Data: Begin
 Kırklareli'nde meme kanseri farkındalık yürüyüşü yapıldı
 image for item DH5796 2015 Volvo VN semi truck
Data: End
Data: Begin
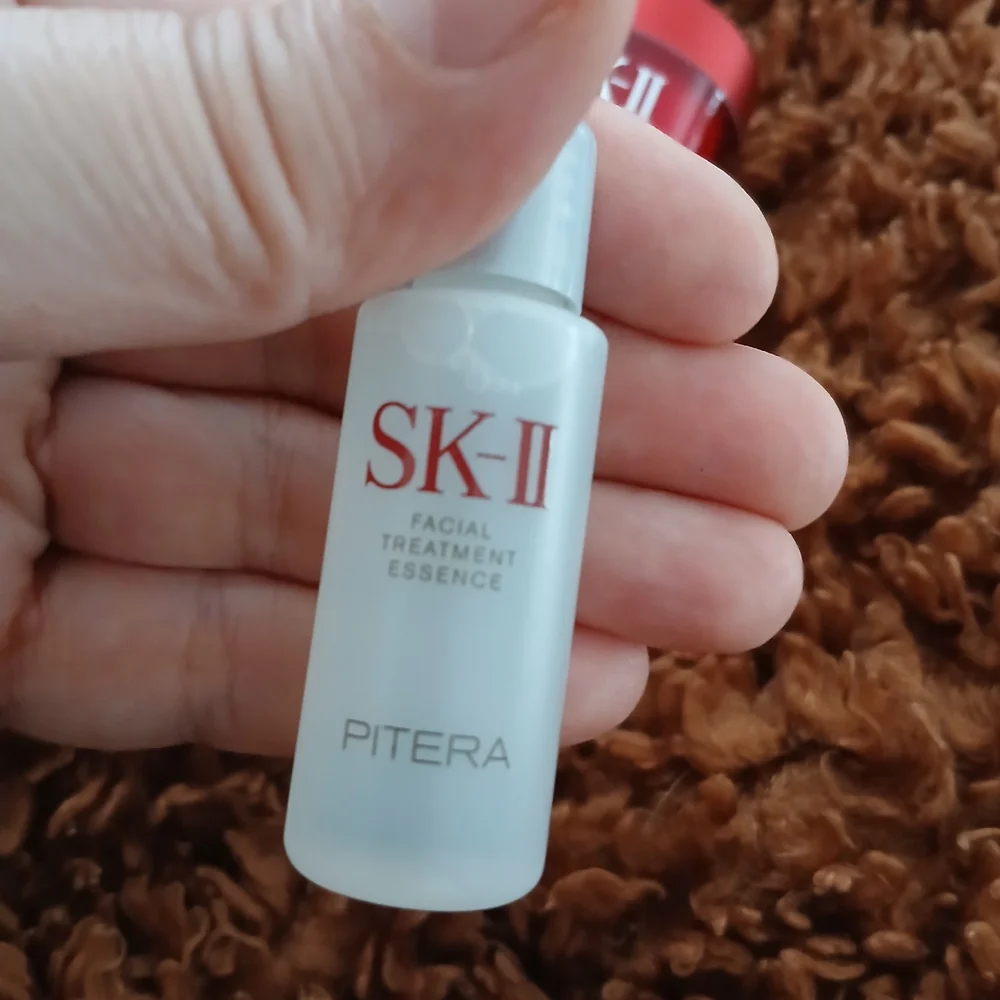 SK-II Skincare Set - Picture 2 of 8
Data: End
Data: Begin
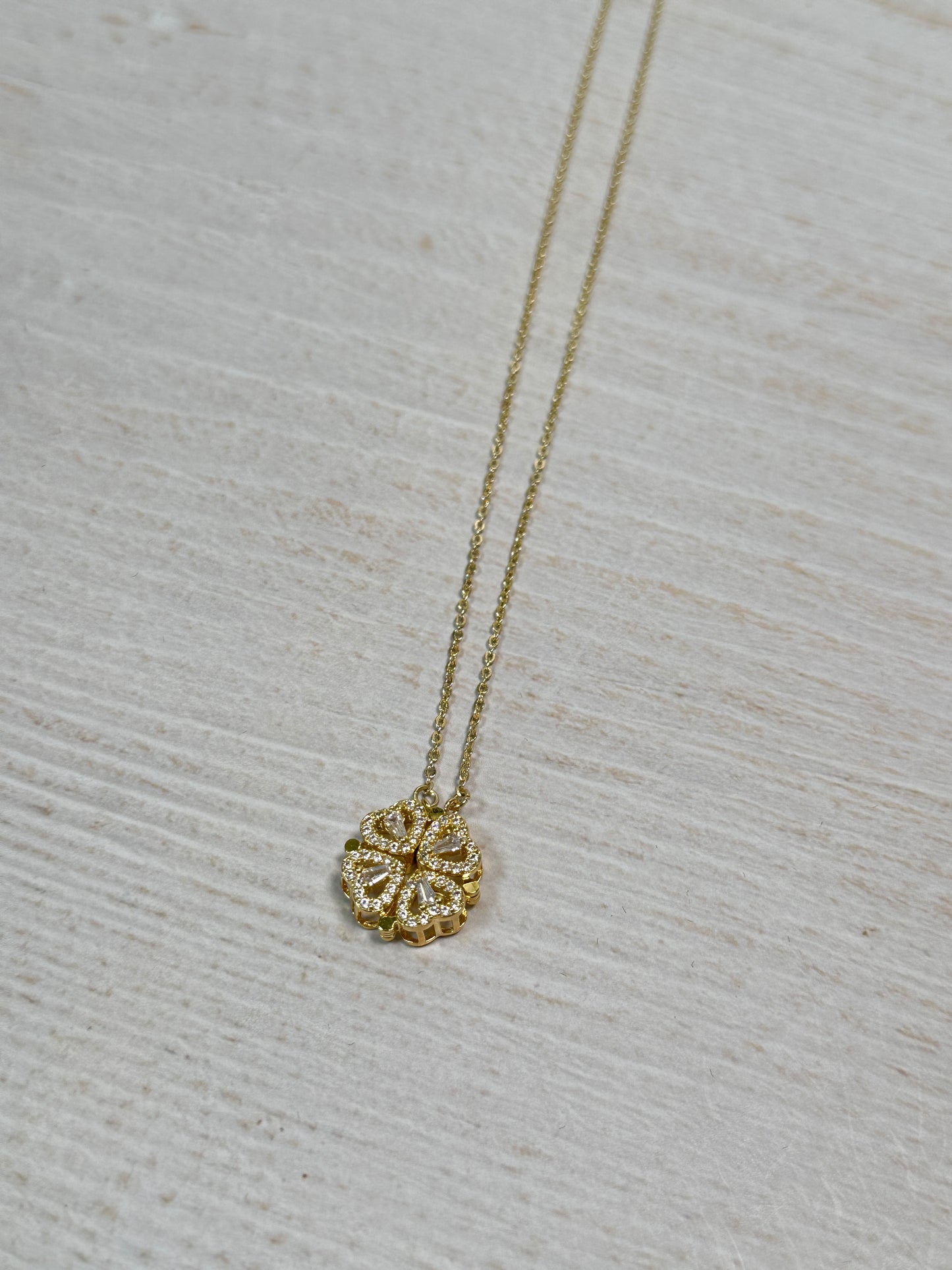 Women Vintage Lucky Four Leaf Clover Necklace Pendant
Data: End
## What you should do
A verbatim transcription is needed of the lines above, starting at the line with "Kırklareli'nde meme kanseri" and ending at the line with "image for item", both included, and of nothing else.

## Task solution
 Kırklareli'nde meme kanseri farkındalık yürüyüşü yapıldı
 image for item DH5796 2015 Volvo VN semi truck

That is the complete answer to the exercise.